◆ EXERCISE OBJECTIVE
With the pictures set aside, reproduce each entry precisely as it reads.

◆ Free-text object descriptions

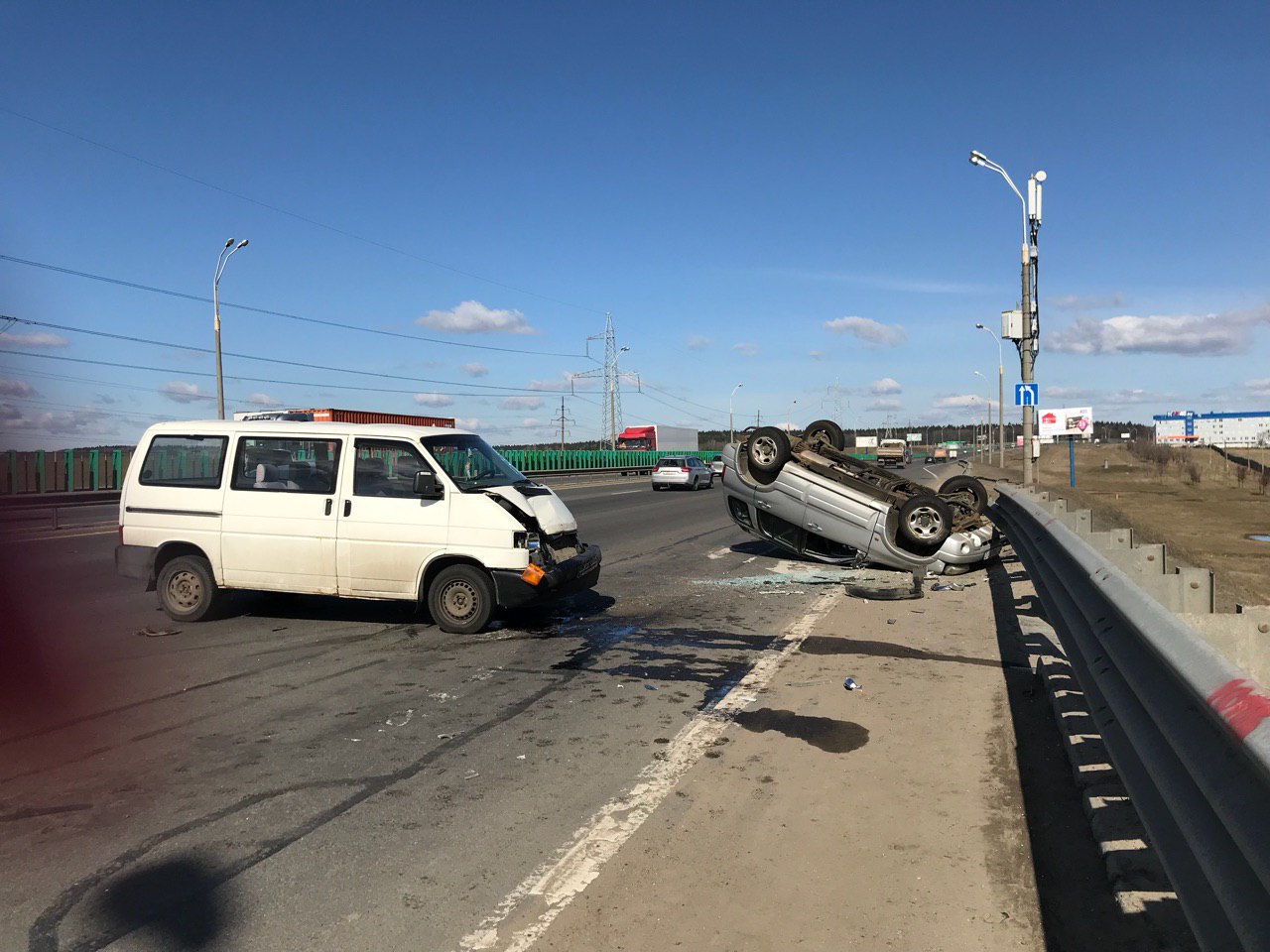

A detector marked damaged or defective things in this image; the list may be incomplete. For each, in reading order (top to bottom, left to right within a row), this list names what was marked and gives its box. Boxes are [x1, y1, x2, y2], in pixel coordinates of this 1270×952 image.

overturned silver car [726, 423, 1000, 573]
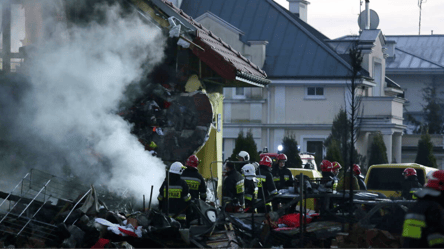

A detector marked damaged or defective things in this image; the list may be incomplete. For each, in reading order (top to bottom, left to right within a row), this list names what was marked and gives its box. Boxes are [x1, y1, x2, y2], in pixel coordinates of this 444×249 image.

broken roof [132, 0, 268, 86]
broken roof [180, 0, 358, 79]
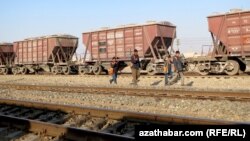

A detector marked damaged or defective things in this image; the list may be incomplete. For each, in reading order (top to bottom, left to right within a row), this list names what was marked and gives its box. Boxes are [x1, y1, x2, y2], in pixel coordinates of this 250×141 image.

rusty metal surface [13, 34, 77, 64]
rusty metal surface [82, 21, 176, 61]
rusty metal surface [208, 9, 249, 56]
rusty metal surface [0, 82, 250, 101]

◆ RESPONSE AREA
A detector marked damaged or defective things in this image; the list may be incomplete. For each, in reading order (top to bottom, left to right within a row), this list names what was marked and gives its box. Boxes are [x1, y1, x2, y2], in pixel coordinates of this 1270×952 image.

overturned silver car [726, 423, 1000, 573]

A detector marked damaged or defective things in this image; the list may be incomplete. For each, in reading order (top to bottom, left to right within a row), this list names what was marked and gives its box. Boxes are [x1, y1, x2, y2], in pixel coordinates of this 444×249 image.

broken roof [132, 0, 268, 86]
broken roof [180, 0, 358, 79]

A detector marked damaged or defective things in this image; the list may be incomplete. For each, in reading order (top to bottom, left to right within a row), this list names what was marked and gives its box. Boxes are [x1, y1, x2, y2], in pixel coordinates of this 250×141 image.

rusty metal surface [13, 34, 77, 64]
rusty metal surface [82, 21, 176, 61]
rusty metal surface [208, 9, 249, 56]
rusty metal surface [0, 82, 250, 101]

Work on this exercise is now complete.